В 1818 году французский физик Огюстен Жан Френель разработал математическую теорию волнового движения и показал, что волны могут огибать только те препятствия, размеры которых меньше длины волны. Палка не остановит волны, но длинная земляная коса это сделает; даже в шторм район моря, защищенный такой косой, останется сравнительно спокойным (получится свободная от волн «тень»). В сущности, такие гавани обычно и считают наиболее удобными.
И наоборот, предметы, видимые невооруженным глазом, как бы малы они ни были, велики по сравнению с длинами волн света: именно поэтому световые волны их не огибают, а отражаются, и позади таких предметов образуются резкие тени. Если препятствие достаточно мало, то световые волны будут огибать его (такое явление называется дифракцией). Это и доказал Френель.
Вернемся теперь к звуку. Длины звуковых волн должны быть гораздо больше длин световых, ибо звук огибает даже те препятствия, которые совершенно преграждают дорогу свету. (Однако же, хотя дерево не отражает обычных звуковых волн, горы это делают, — именно так получается эхо; а в больших помещениях звуки реверберируют вследствие повторных отражений звуковых волн от стен.)
Длину волны всякого определенного звука можно точно вычислить, разделив скорость распространения звука на его частоту (то есть на число колебаний источника звука в секунду).
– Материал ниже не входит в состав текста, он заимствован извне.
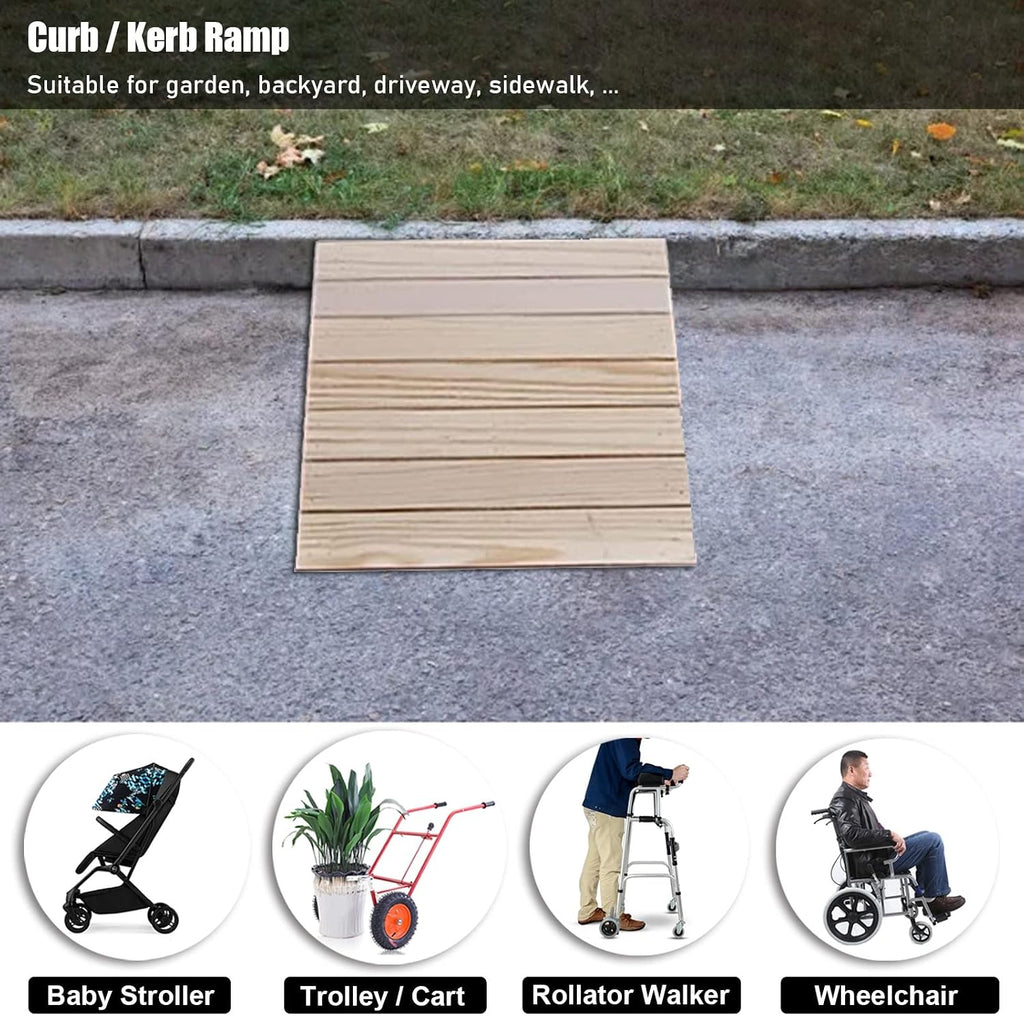 JYDQM Portable Driveway Ramp Non-Slip Wood Threshold/Curb Ramps for Driveway Front Door Steps, Portable Mobility Wheelchair/Car Slope, 5'/6'/7'/8' Rise(Size:60x38.8x15cm/23.6x15.3x6in)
Что же касается скорости распространения звука, то даже первобытный человек, должно быть, знал, что звук имеет какую-то конечную скорость. Уже с небольшого расстояния мы можем заметить, как топор дровосека ударяет по дереву, а звук удара доносится лишь спустя некоторое время. Если предположить, что скорость света бесконечно велика (а это и в самом деле так в сравнении со скоростью звука), то для определения скорости звука нужно всего лишь измерить промежуток времени между увиденным и услышанным и расстояние до дровосека.
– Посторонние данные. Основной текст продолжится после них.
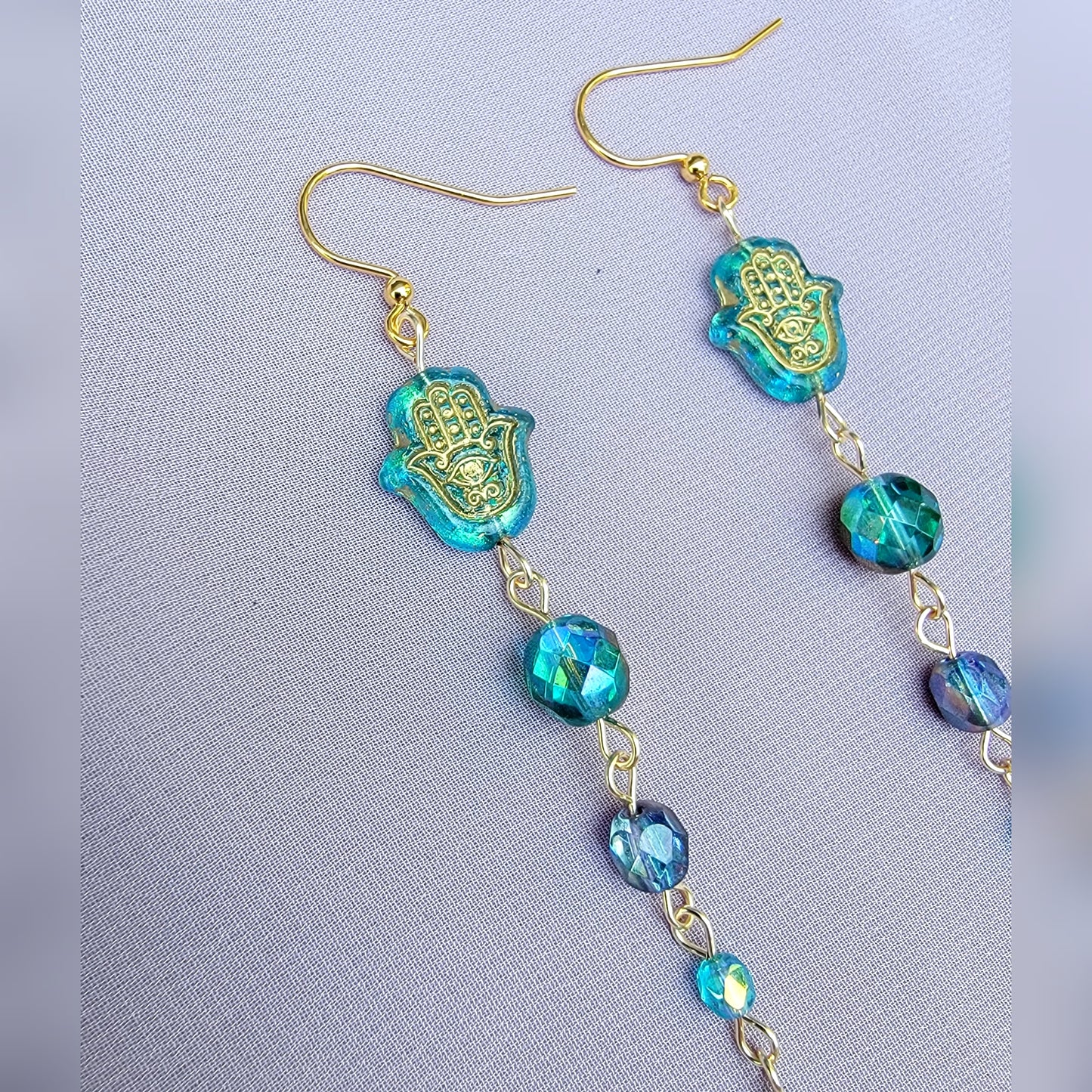 Mystical Hamsa Blue Apatite Earrings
Еще сравнительно недавно измерение коротких интервалов времени было весьма трудным делом. Маятниковые часы были изобретены только в 1656 году (между прочим, тем же Христианом Гюйгенсом — основоположником волновой теории света). Только после этого стало возможным с достаточной точностью измерять отрезки времени меньше часа.
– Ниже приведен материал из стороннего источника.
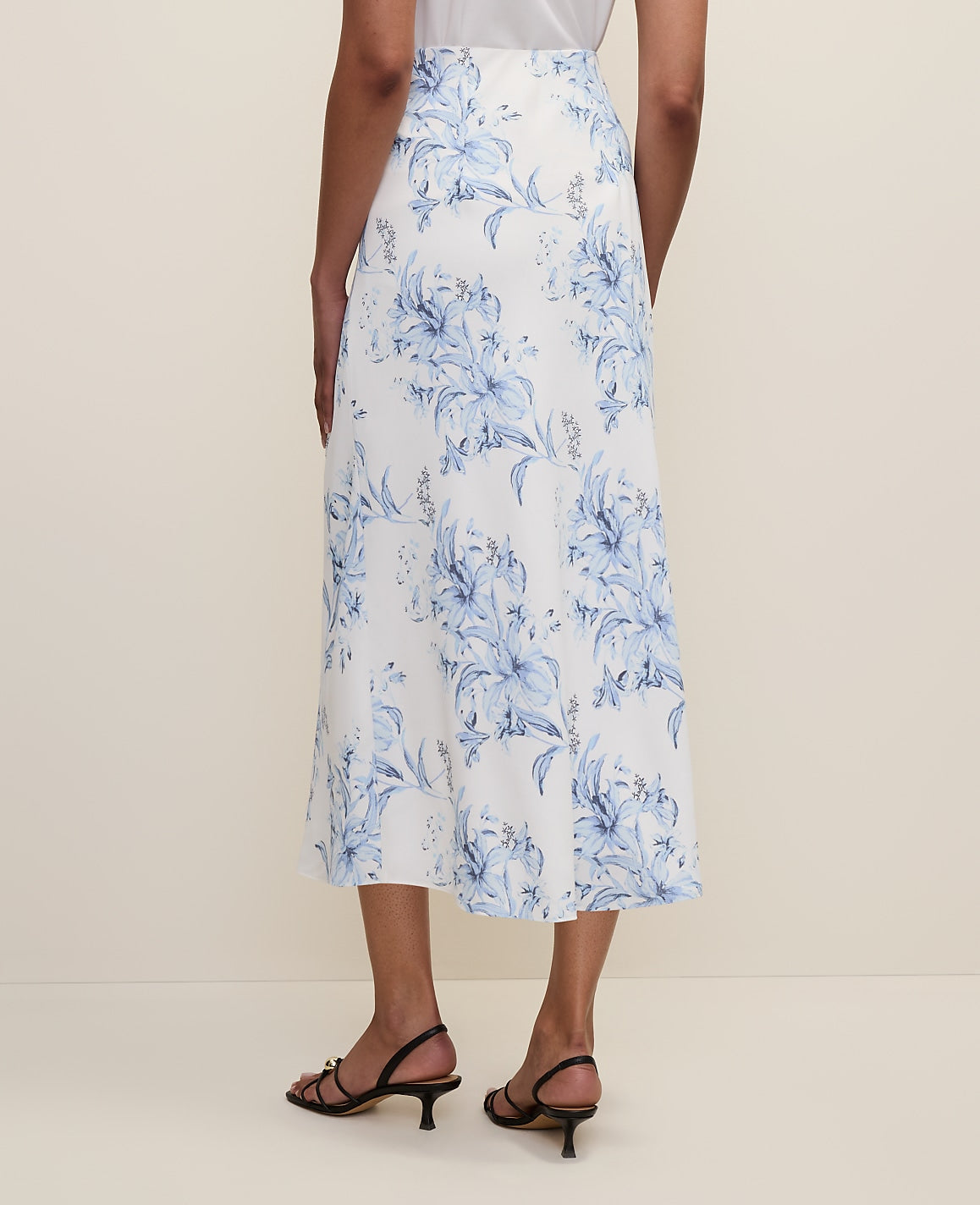 Floral Bias Midi Slip Skirt | Ann Taylor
В 1738 году французские ученые установили по пушке на двух холмах, расстояние между которыми было 27 километров. Стреляя из пушки на одном холме, они засекали промежуток между вспышкой и звуком с другого холма; затем, стреляя из пушки на другом холме, засекали время с первого холма (это делалось, чтобы учесть поправку на ветер). Таким способом впервые была измерена скорость звука. Сегодня принято считать, что звук распространяется со скоростью 331 метр в секунду при 0° Цельсия, или примерно 1200 километров в час.
Скорость распространения звука зависит от упругости воздуха, то есть от естественной быстроты, с которой могут раскачиваться вперед-назад молекулы воздуха. Упругость повышается с температурой, поэтому увеличивается и скорость распространения звука — на каждый градус повышения температуры примерно по полметра в секунду.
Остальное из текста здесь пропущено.